- _ASSIGNMENT_
Pictures within the data are to be left out; everything else must be reproduced exactly.

- _THE DATA_
>>

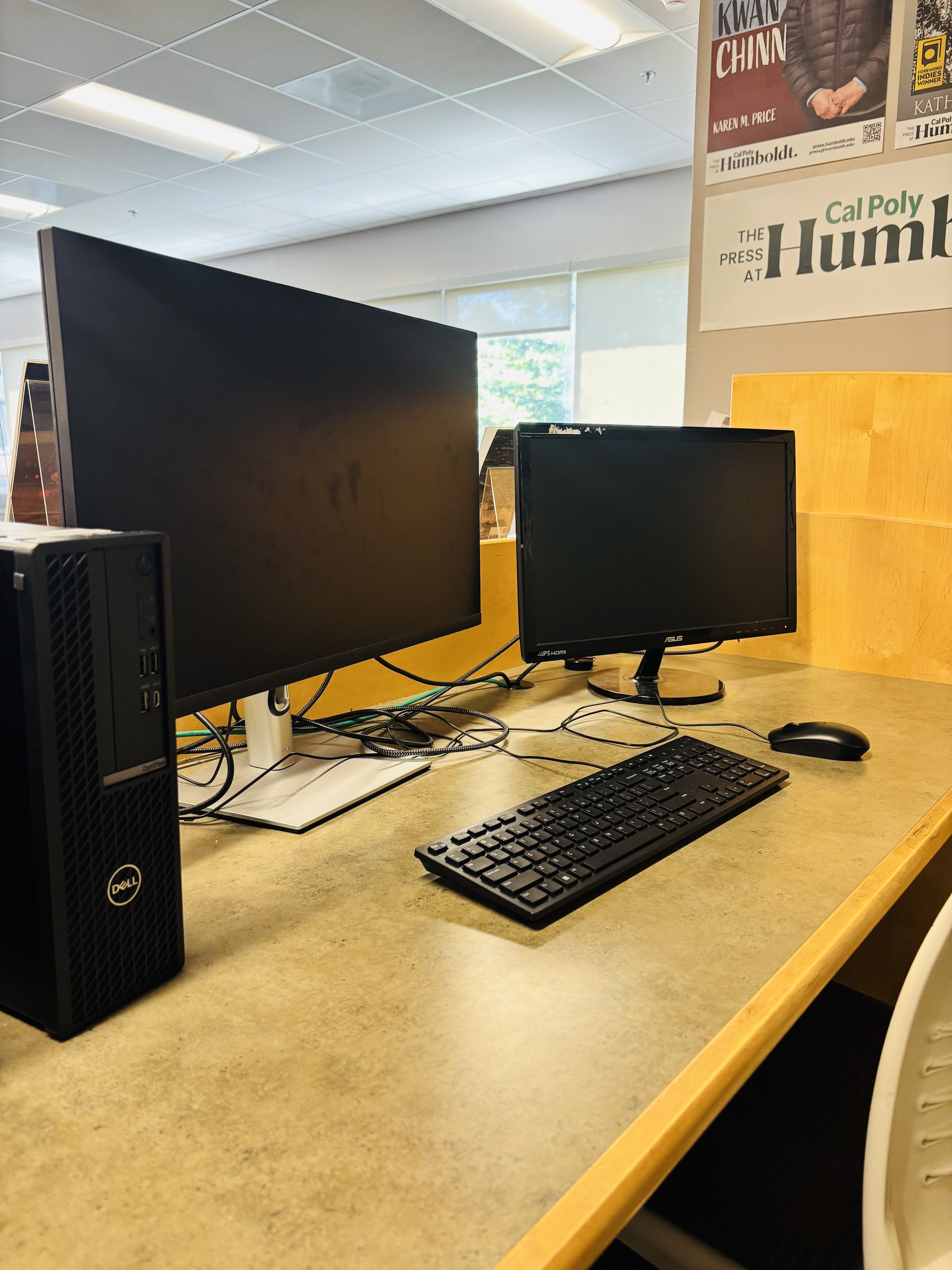2 screen computer with single keyboard and mouse, inside Cal Poly Humboldt Library.
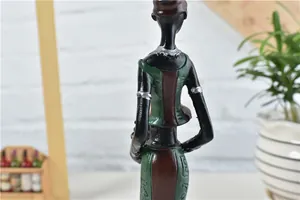 Detail view of African tribal resin figurine featuring embossed green ethnic patterns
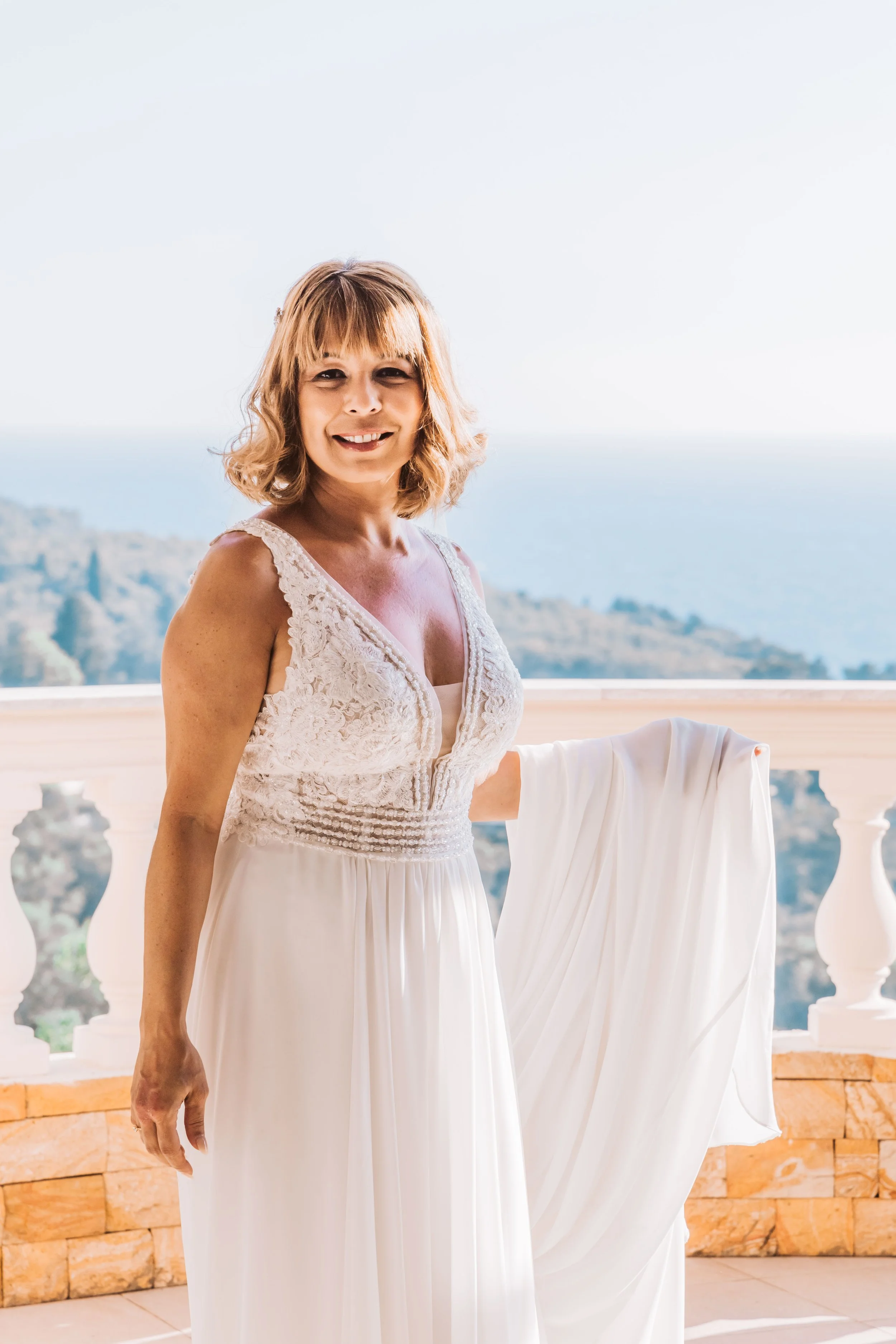 Woman in a white lace dress standing on a balcony with a scenic view of trees, hills, and water in the background, smiling at the camera.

<<

- _RESPONSE TO THE EXERCISE_
2 screen computer with single keyboard and mouse, inside Cal Poly Humboldt Library.
 Detail view of African tribal resin figurine featuring embossed green ethnic patterns
 Woman in a white lace dress standing on a balcony with a scenic view of trees, hills, and water in the background, smiling at the camera.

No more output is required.